INFORMATION:
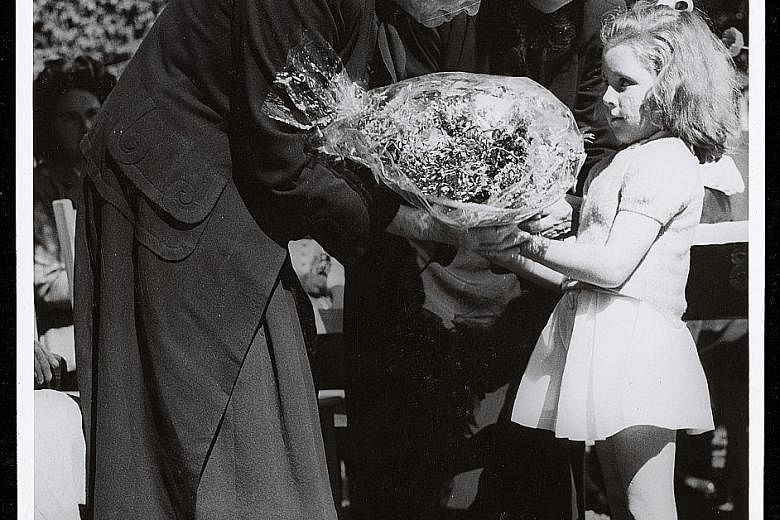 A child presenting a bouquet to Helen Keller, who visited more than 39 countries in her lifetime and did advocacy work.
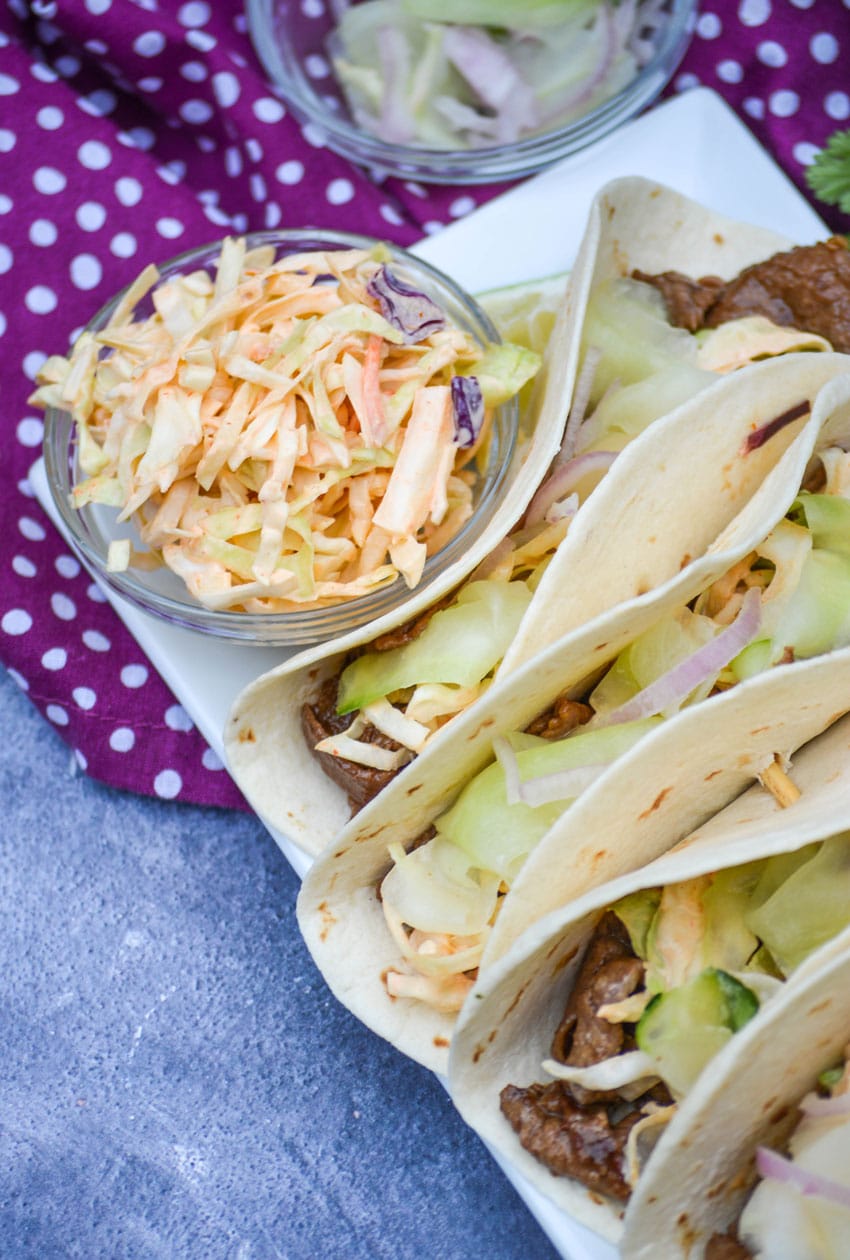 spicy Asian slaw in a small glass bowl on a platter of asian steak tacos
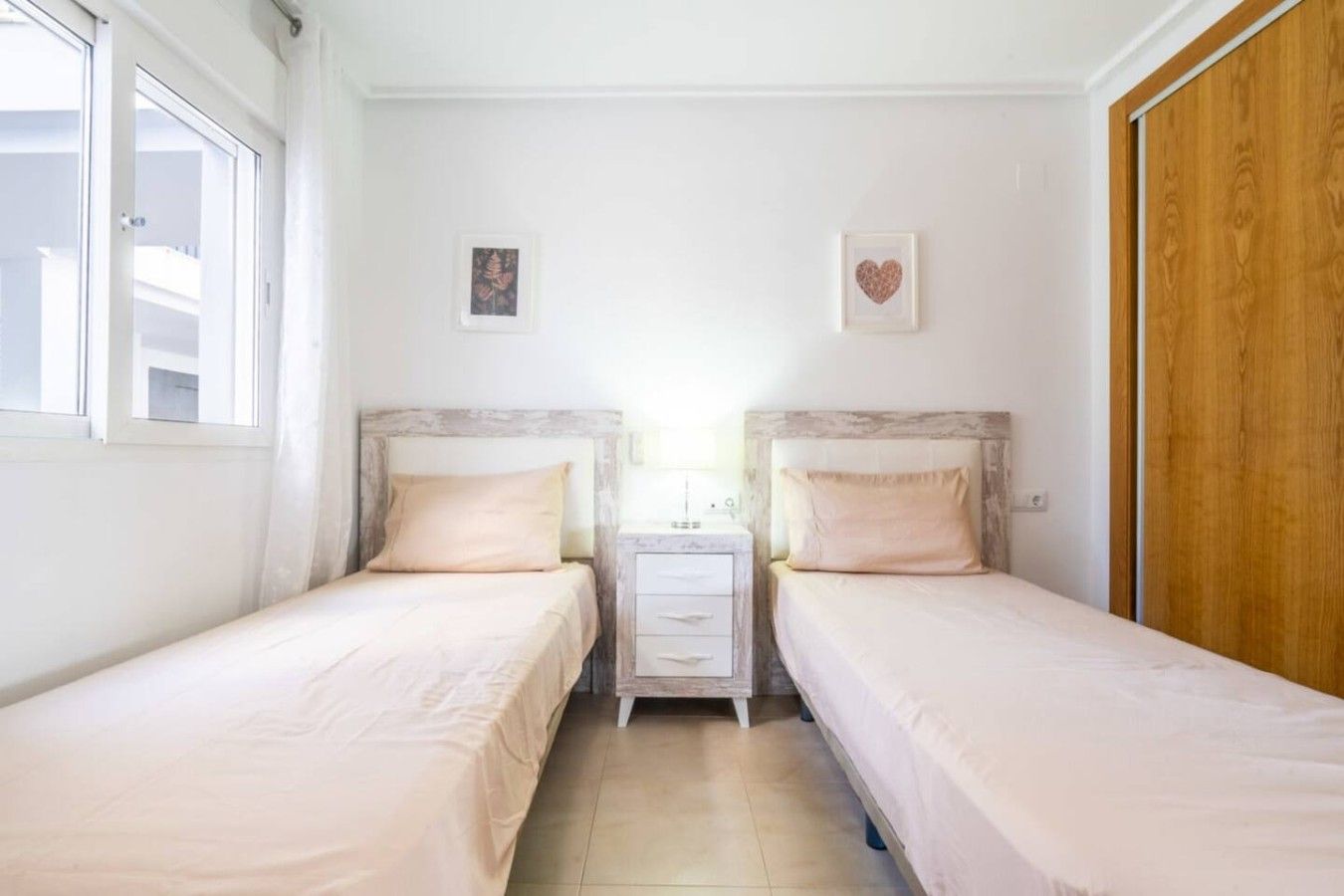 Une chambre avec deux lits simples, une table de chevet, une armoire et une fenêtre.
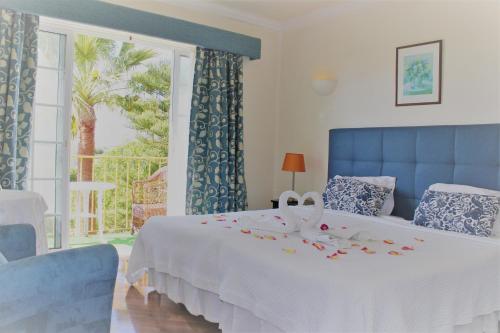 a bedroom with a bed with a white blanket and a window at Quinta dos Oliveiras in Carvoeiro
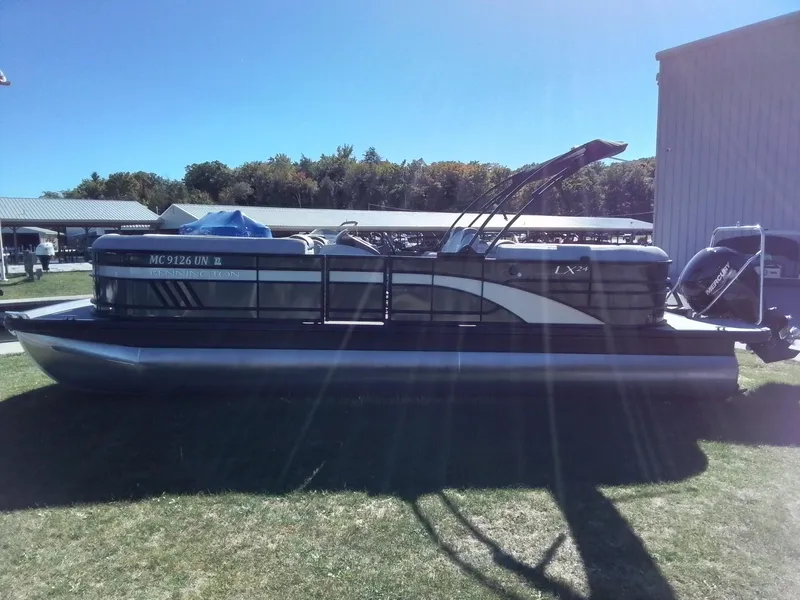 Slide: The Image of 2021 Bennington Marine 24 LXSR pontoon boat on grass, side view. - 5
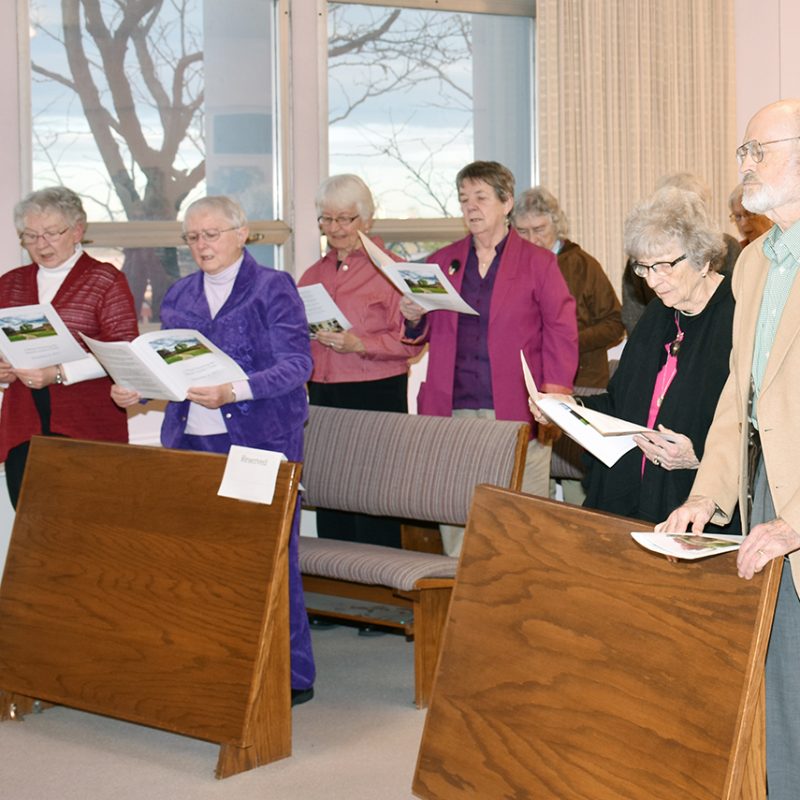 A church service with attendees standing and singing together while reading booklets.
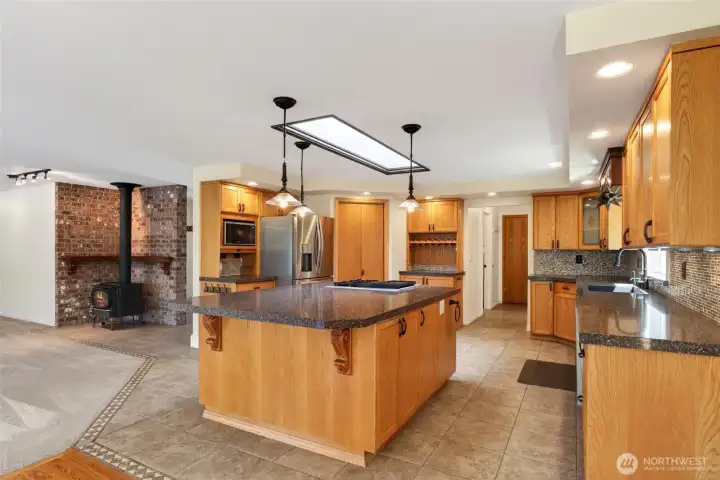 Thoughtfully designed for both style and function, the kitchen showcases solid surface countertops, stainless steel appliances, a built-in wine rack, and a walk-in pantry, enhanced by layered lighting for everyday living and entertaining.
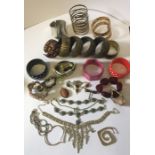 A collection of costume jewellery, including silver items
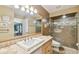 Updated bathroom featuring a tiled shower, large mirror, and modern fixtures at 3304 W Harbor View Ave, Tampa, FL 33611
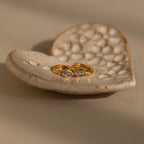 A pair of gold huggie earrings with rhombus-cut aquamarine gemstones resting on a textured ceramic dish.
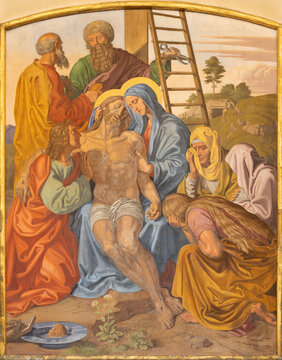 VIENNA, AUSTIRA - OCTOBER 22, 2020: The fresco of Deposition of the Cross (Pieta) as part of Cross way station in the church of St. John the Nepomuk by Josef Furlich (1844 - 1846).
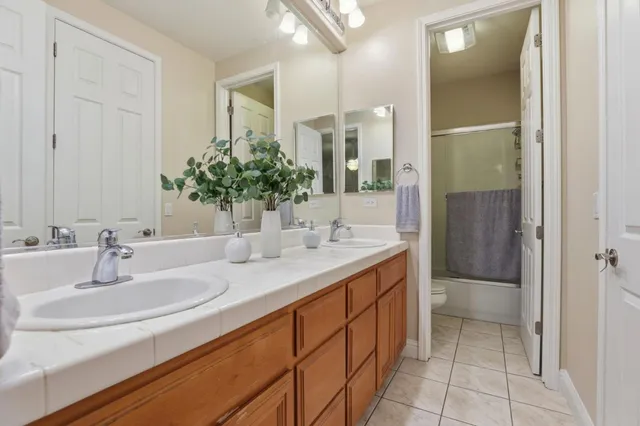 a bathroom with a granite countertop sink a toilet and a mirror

WORK INSTRUCTION: For the material above, give again only the lines starting at the line that contains "Thoughtfully designed for" and ending at the line that contains "Updated bathroom featuring". Pictures do not belong in the copy.

TASK RESPONSE:
 Thoughtfully designed for both style and function, the kitchen showcases solid surface countertops, stainless steel appliances, a built-in wine rack, and a walk-in pantry, enhanced by layered lighting for everyday living and entertaining.
 A collection of costume jewellery, including silver items
 Updated bathroom featuring a tiled shower, large mirror, and modern fixtures at 3304 W Harbor View Ave, Tampa, FL 33611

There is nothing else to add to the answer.